Das erinnert mich an die Verantwortung, die Gott vor langer Zeit seinem Volk auferlegt hat. Die Israeliten waren unterwegs aus der Knechtschaft in Ägypten in das gelobte Land. 40 Jahre - so wird es erzählt - wanderten sie durch die Wüste. Eine schwierige, entbehrungs-reiche Zeit, die an den Nerven aller zehrte.
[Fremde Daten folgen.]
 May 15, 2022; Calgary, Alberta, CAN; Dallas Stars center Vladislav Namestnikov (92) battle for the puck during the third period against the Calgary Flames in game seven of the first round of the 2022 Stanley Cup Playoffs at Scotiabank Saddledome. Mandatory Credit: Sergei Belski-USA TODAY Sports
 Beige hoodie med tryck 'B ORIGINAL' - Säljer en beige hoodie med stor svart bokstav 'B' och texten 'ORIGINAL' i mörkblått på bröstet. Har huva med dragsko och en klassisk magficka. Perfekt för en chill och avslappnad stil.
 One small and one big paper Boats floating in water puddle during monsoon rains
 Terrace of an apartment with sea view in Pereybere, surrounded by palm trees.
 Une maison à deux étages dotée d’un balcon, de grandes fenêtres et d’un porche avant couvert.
Eine Zeit, in der Gott dem Mose auch die 10 Gebote gab, um dem Volk Orientierung zu geben. Gott sprach zu seinem Volk:
„Himmel und Erde sind meine Zeugen, dass ich euch heute vor die Wahl gestellt habe zwischen Leben und Tod, zwischen Segen und Fluch. Wählt das Leben, damit ihr und eure Kinder nicht umkommt!
Liebt den HERRN, euren Gott, und hört auf ihn! Haltet ihm die Treue! Dann werdet ihr am Leben bleiben und in dem Land wohnen, das der HERR euren Vorfahren Abraham, Isaak und Jakob versprochen hat."
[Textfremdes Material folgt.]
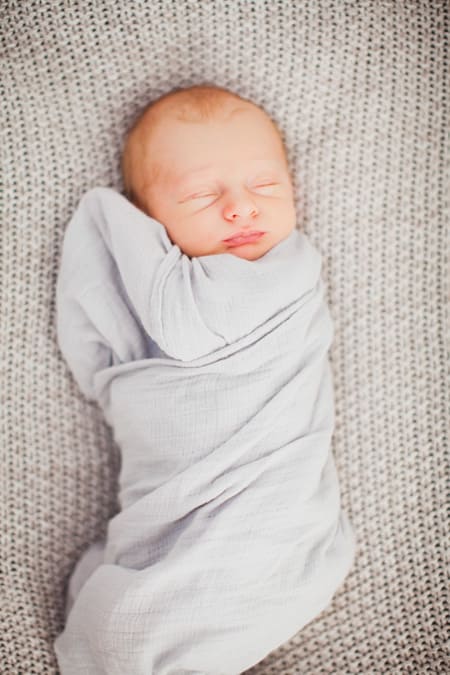 Baby schläft eingepuckt auf einer Decke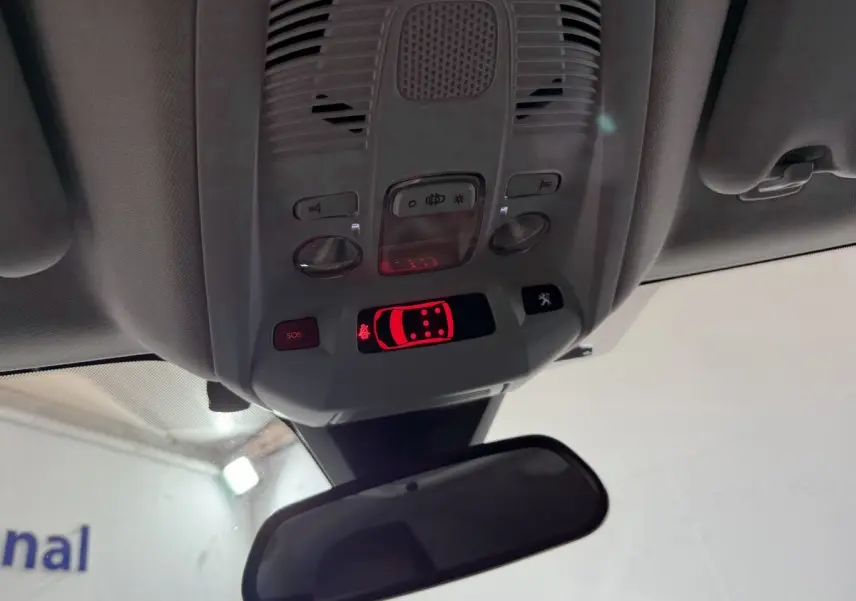 Vue intérieure du plafonnier de la Peugeot 5008 gris clair, avec commandes lumineuses et rétroviseur central visible.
Nach wie vor haben wir die Wahl, Entscheidungen zu treffen, die entweder dem Leben oder dem Tod dienen. Das ist im Jahr 2020 schmerzhaft deutlich geworden.
Die Politikerinnen und Politiker mussten grundsätzliche Entscheid-ungen über Schließungen und Kontaktbeschränkungen fällen. Immer geleitet von der Frage, was dient dem Leben am meisten?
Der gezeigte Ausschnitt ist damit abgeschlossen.